|
DOES PRIMER ONLY COME IN WHITE?
Tinting your primer to get it close to the finish paint color is a good idea, especially when the new color has a medium-to-dark amount of pigment. First let's talk about a basic paint job. Two coats of finish paint for any painting project is a good place to start. When there has been repair (and there almost always is): like spackled holes and cracks or joint compound floated over the depressed areas left from scraped/peeling paint, then you figure on some priming, also. We usually finish spackling and plastering these areas by sanding and then "spot-priming", or rolling/brushing primer to cover the repaired spots. This neutralizes these areas and ensures that they will absorb the finish paint uniformly on the wall. If there have been extensive repair/plastering on a surface or it is newly taped drywall, then we will prime the entire plane (wall or ceiling).
If your paint color is an off-white or a somewhat light color (not really dark), then a regular white primer will be fine under two coats of the finish paint... your completed job will look good and the chosen color will be full and complete (nothing from underneath showing through). Some medium-density colors will cover nicely over a white primer, also: like greens, coffees, and yellows. But when you have chosen a dark, rich color it's a good idea to "color" the primer, too, so you can avoid lots and lots of coats of the finish paint.
ALL I COULD SEE WAS RED
A Client of mine once chose a really, really rich red... I believe the manufacturer named it "Hunting Coat Red". Up until this point we always tinted our primers ourselves for dark finish paints. And we thought we had a fairly close red primer up and ready when we applied the finish paint. Six coats later and our red primer was still bleeding through somewhat.
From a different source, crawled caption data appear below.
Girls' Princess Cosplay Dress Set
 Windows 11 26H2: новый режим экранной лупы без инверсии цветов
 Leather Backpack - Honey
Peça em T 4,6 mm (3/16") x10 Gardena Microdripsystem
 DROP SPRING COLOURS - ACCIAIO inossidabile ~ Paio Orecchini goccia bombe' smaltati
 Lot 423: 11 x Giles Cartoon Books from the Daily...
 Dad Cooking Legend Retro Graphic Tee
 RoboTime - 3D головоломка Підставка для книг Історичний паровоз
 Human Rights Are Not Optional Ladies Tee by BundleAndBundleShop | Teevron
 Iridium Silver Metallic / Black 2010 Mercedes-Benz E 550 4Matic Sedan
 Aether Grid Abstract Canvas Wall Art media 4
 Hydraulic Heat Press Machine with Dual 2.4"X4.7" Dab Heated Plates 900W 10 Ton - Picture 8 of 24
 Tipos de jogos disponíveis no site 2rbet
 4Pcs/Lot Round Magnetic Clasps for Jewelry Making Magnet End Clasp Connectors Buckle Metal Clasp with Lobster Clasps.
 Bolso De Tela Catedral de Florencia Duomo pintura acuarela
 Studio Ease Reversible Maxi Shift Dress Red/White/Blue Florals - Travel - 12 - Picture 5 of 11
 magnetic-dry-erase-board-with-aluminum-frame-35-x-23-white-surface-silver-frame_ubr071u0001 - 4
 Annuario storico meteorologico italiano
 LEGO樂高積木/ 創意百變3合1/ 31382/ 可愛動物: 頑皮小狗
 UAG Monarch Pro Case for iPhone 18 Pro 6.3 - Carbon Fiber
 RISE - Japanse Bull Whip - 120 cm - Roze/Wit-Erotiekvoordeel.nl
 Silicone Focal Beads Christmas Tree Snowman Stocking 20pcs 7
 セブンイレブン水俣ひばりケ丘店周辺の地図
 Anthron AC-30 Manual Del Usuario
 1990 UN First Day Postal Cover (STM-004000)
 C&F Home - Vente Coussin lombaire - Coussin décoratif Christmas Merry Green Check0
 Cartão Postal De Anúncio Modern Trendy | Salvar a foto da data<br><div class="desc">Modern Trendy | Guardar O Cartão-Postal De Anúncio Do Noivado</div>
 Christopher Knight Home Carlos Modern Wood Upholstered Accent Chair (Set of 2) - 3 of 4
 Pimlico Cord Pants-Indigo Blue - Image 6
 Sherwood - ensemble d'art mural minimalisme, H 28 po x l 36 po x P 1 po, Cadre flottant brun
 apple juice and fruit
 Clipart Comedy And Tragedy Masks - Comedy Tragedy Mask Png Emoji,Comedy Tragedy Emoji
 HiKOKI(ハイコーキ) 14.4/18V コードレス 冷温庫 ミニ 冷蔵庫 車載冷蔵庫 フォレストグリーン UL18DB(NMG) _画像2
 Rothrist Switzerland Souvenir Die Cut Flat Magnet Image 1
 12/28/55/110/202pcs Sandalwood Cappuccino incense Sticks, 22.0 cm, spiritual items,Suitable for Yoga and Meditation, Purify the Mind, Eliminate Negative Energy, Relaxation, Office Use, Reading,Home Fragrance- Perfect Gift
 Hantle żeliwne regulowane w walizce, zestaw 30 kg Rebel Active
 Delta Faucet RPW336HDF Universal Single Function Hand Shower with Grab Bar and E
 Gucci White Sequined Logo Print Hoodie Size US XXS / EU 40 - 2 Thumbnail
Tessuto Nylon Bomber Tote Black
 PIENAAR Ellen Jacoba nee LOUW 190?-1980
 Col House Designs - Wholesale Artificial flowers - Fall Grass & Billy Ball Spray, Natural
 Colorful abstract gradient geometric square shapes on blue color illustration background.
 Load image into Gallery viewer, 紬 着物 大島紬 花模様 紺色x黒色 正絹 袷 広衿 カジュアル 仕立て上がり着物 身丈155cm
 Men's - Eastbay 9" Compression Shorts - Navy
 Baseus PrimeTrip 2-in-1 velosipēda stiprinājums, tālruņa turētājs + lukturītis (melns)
Custom color your primer. I brought my woe to the owner of the paint store where we got all our stuff. He suggested that they could tint the primer to match the finish paint. I was surprised. "You can do that? And for me?" I asked. "Matt, we do it all the time. As long as we know the number/name of the finish paint custom color. Just figure on a couple of bucks added to the price of the primer for the pigment." Since then we have done just that when the job called for a really dark finish paint: had the primer also mixed, along with the custom color, to the same tint by the paint store. And it works great! Primer coat and two coats of the paint. And except for one more really, really deep red that we came across last summer (requiring three finish coats after the custom-tinted primer) any dark paint color covered completely, giving us a wonderfully rich paint job.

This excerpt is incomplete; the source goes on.